TASK BRIEF ▸ No pictures belong in the copy, but every line of the material below must be reproduced exactly.

COLLECTED MATERIAL ▸

#####

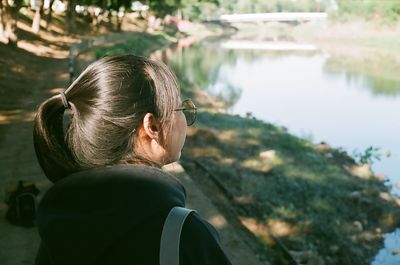 Rear view of man looking at lake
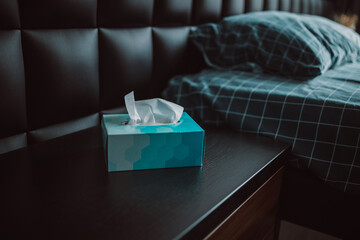 Close up of white tissue in blue paper box on the bedside table in the bedroom - obrazy, fototapety, plakaty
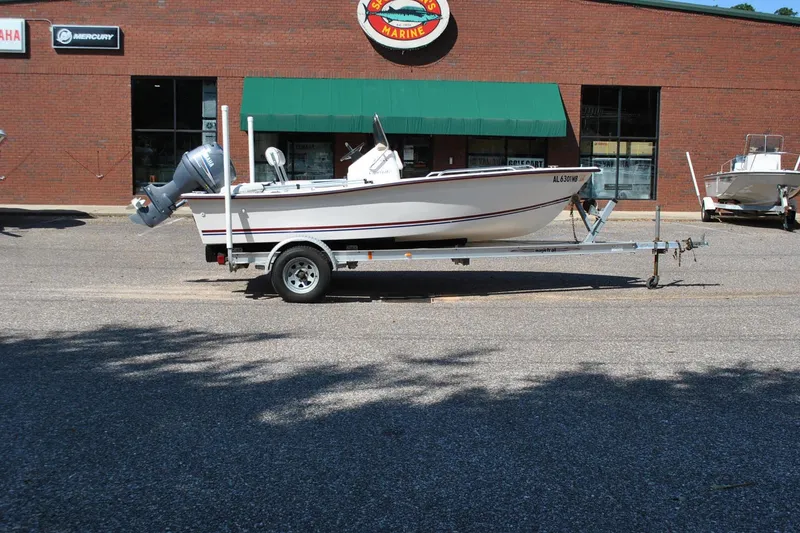 Slide: The Image of 2003 Cape Craft 16 boat on trailer outside marine store. - 6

#####

SOLUTION ▸
 Rear view of man looking at lake
 Close up of white tissue in blue paper box on the bedside table in the bedroom - obrazy, fototapety, plakaty
 Slide: The Image of 2003 Cape Craft 16 boat on trailer outside marine store. - 6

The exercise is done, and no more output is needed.